He de reconocer que el alcalde se ofuscó y me llamó veleta y yo, dando un traguito a un vino de Oporto, le dije: Tiene usted derecho a protestar cuando es tratado de una manera injusta.
En la terraza servían dos personas: un hombre enjuto, con la tez cetrina y una muchacha oscura como la más delicada de las perversiones. Nos vino a servir el hombre enjuto y yo, muy amablemente, le dije: Señor camarero, tengo derecho a cambiar lo que no es satisfactorio, con lo cual deje usted de servirnos y que lo haga la muchacha oscura.
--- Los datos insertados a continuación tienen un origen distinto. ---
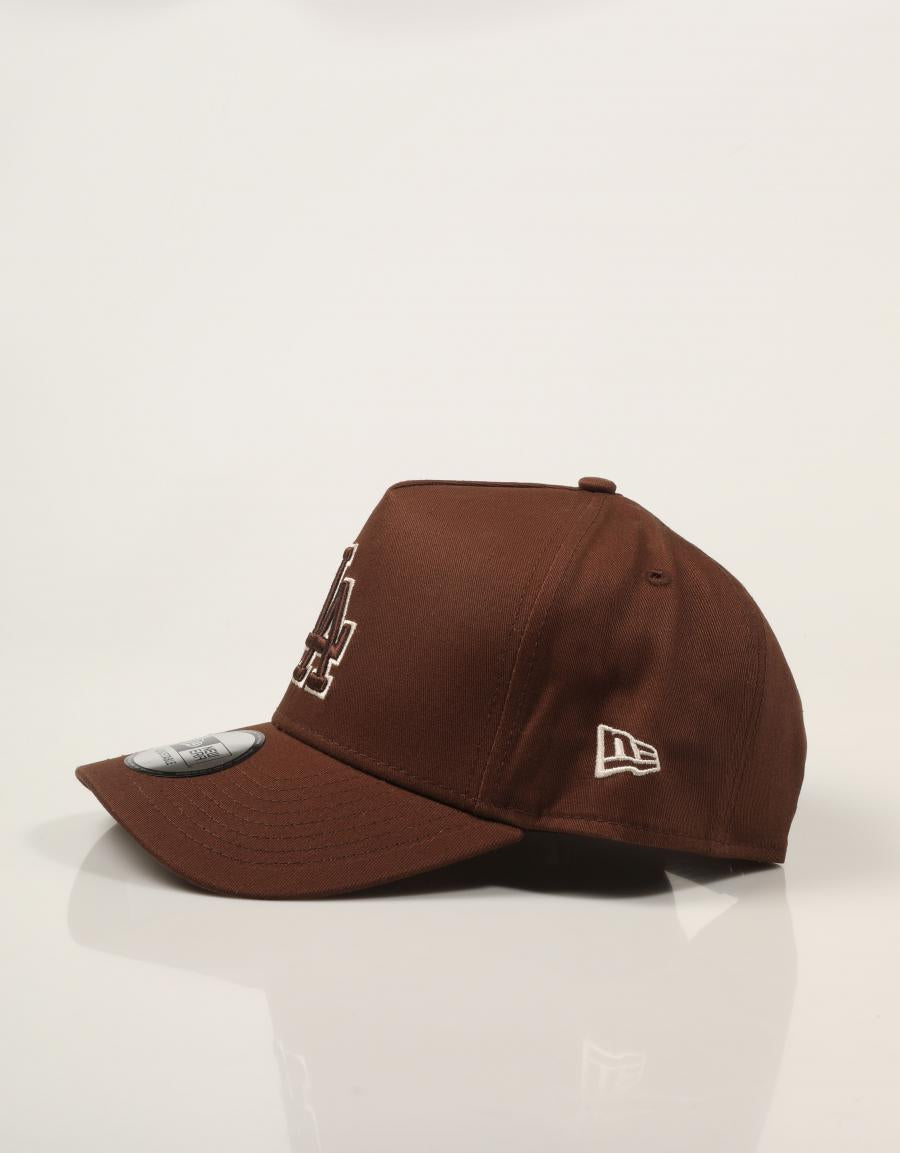 GORRA NEW ERA TEAM OUTLINE CHSSTN 60960248 en color Marron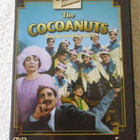 THE COCOANUTS (DVD) KOOKOSPÄHKINÖITÄ - pikkukuva 1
Me preguntó, entonces, el alcalde de qué trataría mi pregón y ahí, haciendo uso de la prerogativa de todo hombre me detuve y me puse a pensar. Cayó la noche y le respondí:
- Voy a hablar -magistral regidor- del derecho a pedir lo que se quiere; del esfuerzo y la belleza de ser independiente; del derecho a superarse, aun superando a los demás. Voy a hablar de que si mi trabajo es bueno -que lo será- me sea reconocido; hablaré, por supuesto, de la absoluta libertad de hacer con mi cuerpo, mi tiempo y mis propiedades lo que me venga en gana y también de hacer menos de lo que humanamente sea capaz. Haré un elogio de ignorar los consejos de los demás; de la bondad de rechazar peticiones sin sentirme culpable ni egoista o del placer de estar solo. Pondré como techo de la humana capacidad, el no justificarse nunca y no tener por qué dar cuentas de si quiero o no quiero responsabilizarme del problema de otra persona. También hablaré, gentil mayoral, de no tener por qué anticiparme a las necesidades o deseos de otros y por supuesto a no estar pendiente de la buena voluntad de nadie. Y terminaré con un elogio al derecho a responder o no y a sentir y expresar el dolor y a hablar, hablar señor alcalde, con una persona con la que tenga problemas para llegar, en última instancia, a un compromiso válido para ambos. Y si me piden un bis, haré una pequeña disertación sobre el derecho inalienable de cualquier persona a hacer cualquier cosa mientras no se violen los derechos de otra persona física o moralmente.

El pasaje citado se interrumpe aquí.